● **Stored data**
───
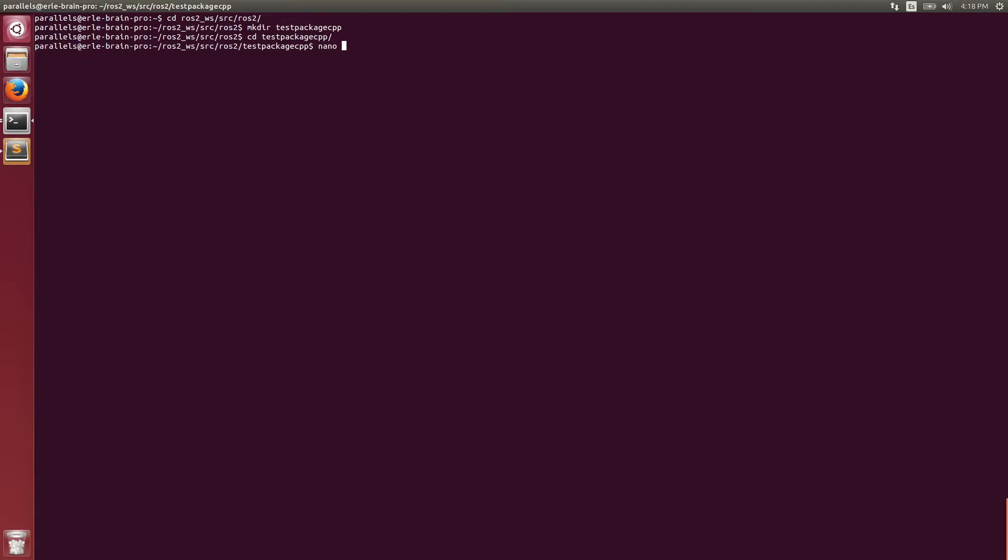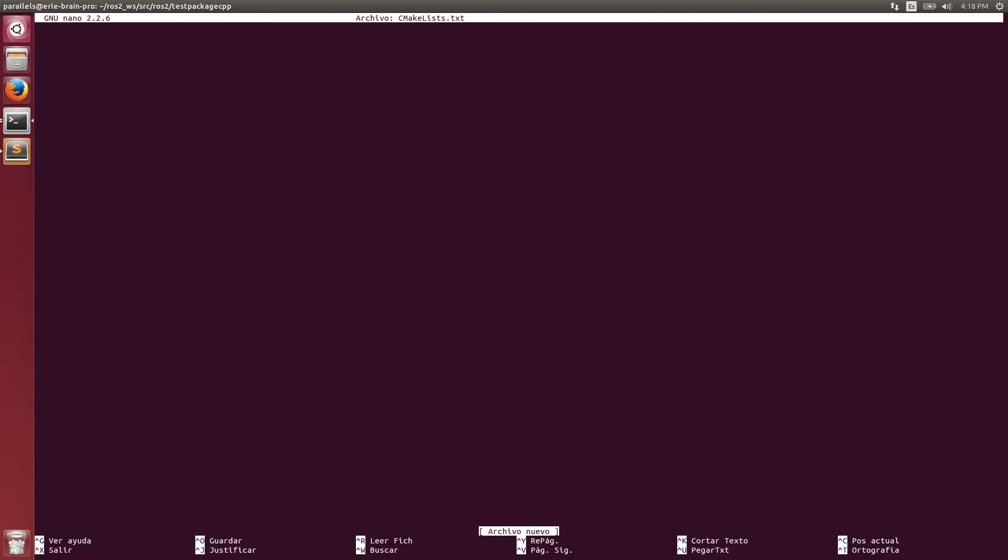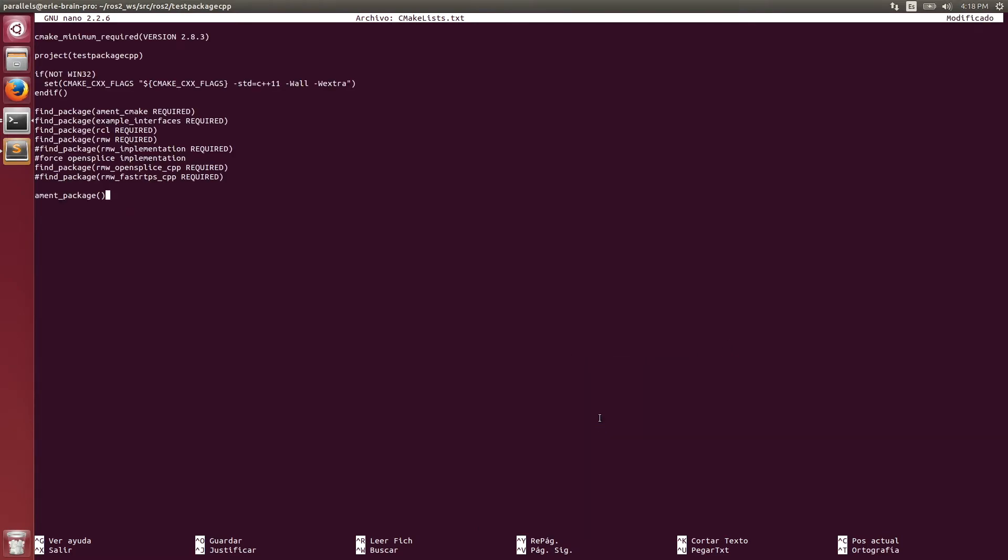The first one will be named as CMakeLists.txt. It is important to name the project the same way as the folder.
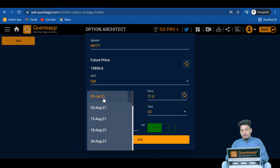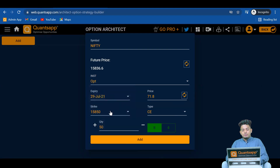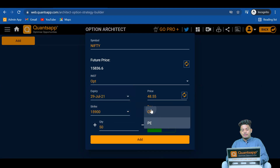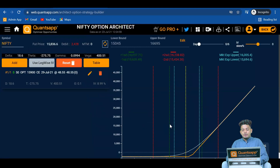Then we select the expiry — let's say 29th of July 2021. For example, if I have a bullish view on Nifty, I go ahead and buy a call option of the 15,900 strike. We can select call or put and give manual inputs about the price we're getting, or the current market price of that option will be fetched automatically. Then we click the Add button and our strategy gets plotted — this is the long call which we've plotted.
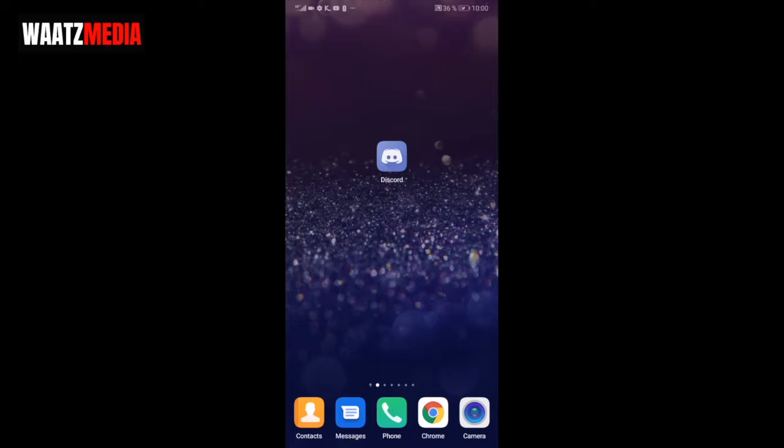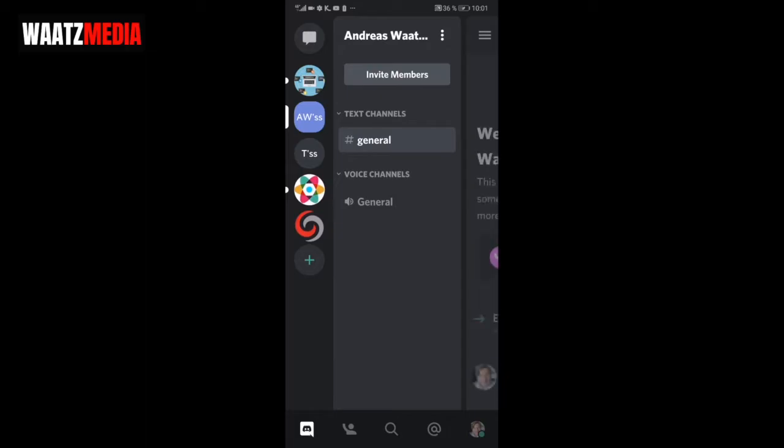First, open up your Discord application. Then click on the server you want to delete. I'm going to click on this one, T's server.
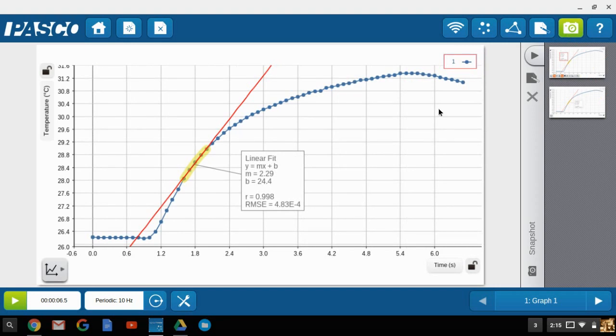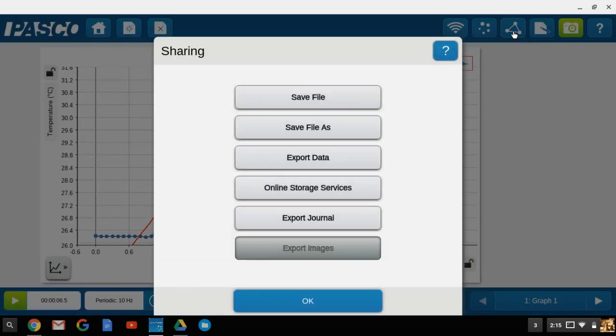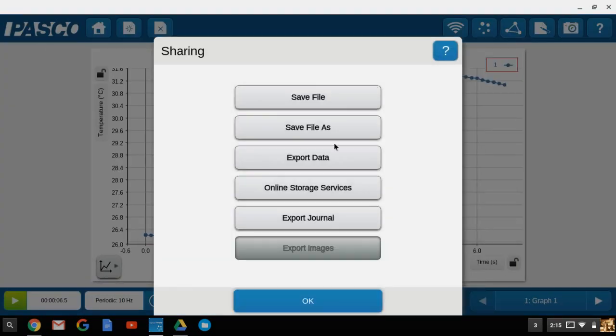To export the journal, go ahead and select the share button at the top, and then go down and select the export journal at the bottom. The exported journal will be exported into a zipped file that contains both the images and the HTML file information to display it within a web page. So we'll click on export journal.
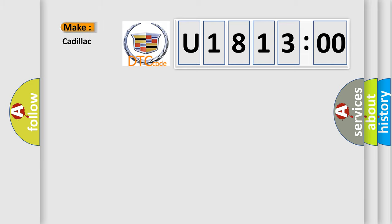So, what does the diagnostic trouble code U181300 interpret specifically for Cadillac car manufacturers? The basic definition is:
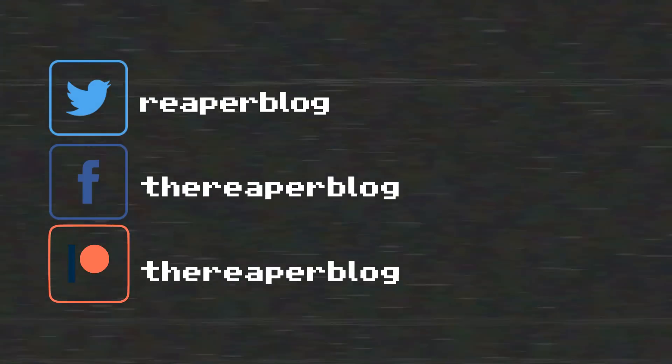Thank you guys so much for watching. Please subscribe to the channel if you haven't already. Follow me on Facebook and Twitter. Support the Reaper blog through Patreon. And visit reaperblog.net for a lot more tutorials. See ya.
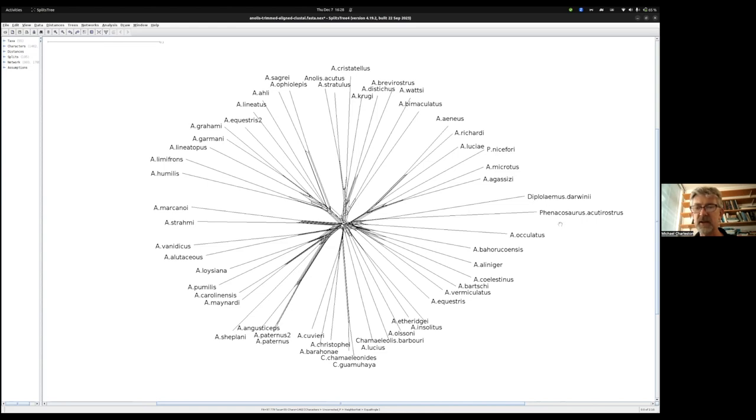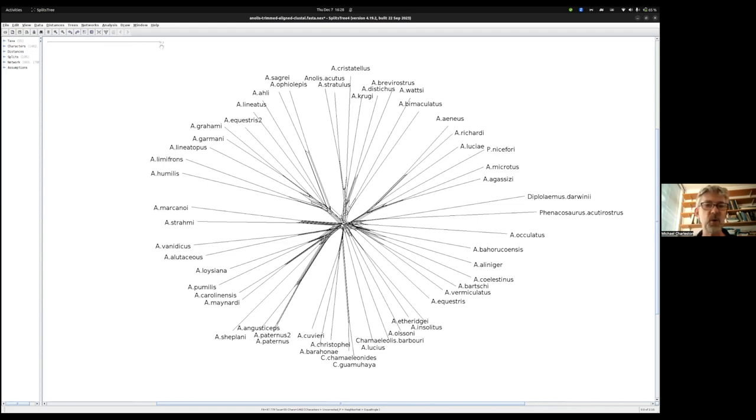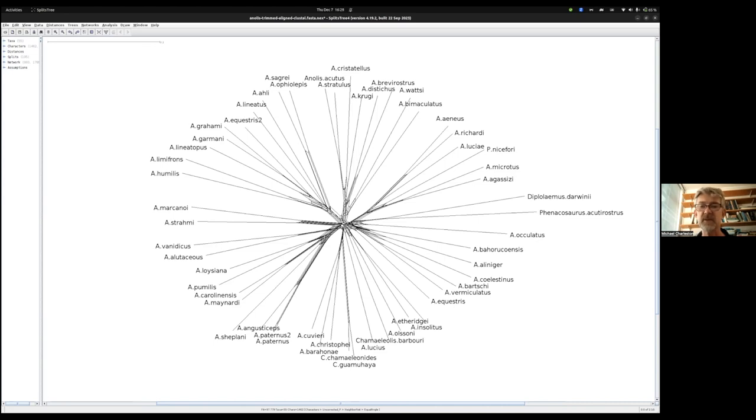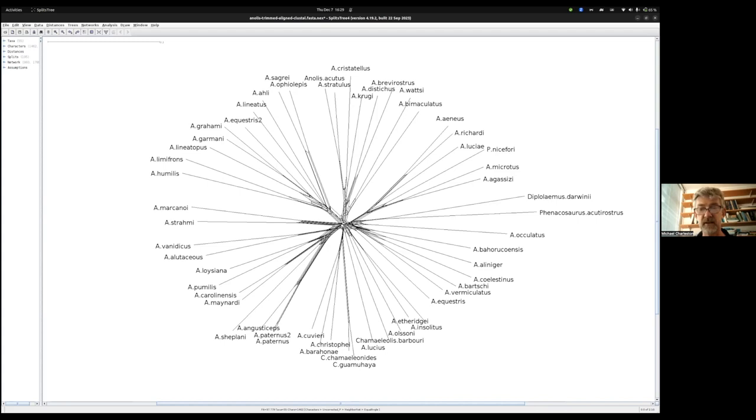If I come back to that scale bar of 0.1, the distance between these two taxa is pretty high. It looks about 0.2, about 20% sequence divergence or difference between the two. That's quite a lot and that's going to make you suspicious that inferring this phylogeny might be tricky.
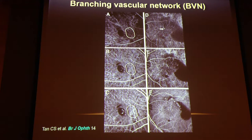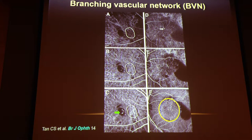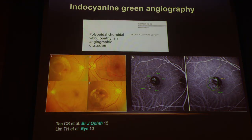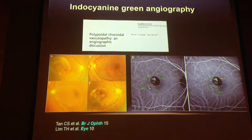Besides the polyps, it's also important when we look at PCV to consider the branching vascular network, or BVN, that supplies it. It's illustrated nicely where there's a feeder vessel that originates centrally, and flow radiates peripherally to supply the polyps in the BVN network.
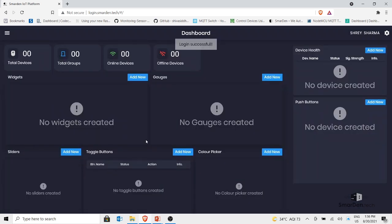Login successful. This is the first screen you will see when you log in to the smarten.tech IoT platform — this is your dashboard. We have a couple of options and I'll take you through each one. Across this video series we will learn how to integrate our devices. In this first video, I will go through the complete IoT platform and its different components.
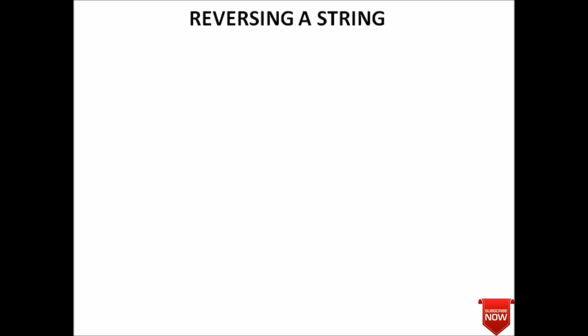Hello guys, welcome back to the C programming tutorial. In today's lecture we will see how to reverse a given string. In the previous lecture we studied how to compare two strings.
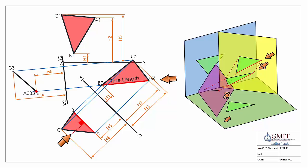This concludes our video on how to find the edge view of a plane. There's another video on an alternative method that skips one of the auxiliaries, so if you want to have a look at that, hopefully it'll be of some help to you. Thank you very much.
───
● **TASK INSTRUCTIONS**
Taking the records above, print only and exactly the lines from the line with "To export the" to the line with "Besides the polyps, it's", both kept, and exclude pictures.

● **SOLUTION TO THE PROBLEM**
To export the journal, go ahead and select the share button at the top, and then go down and select the export journal at the bottom. The exported journal will be exported into a zipped file that contains both the images and the HTML file information to display it within a web page. So we'll click on export journal.
So, what does the diagnostic trouble code U181300 interpret specifically for Cadillac car manufacturers? The basic definition is:
Thank you guys so much for watching. Please subscribe to the channel if you haven't already. Follow me on Facebook and Twitter. Support the Reaper blog through Patreon. And visit reaperblog.net for a lot more tutorials. See ya.
If I come back to that scale bar of 0.1, the distance between these two taxa is pretty high. It looks about 0.2, about 20% sequence divergence or difference between the two. That's quite a lot and that's going to make you suspicious that inferring this phylogeny might be tricky.
Besides the polyps, it's also important when we look at PCV to consider the branching vascular network, or BVN, that supplies it. It's illustrated nicely where there's a feeder vessel that originates centrally, and flow radiates peripherally to supply the polyps in the BVN network.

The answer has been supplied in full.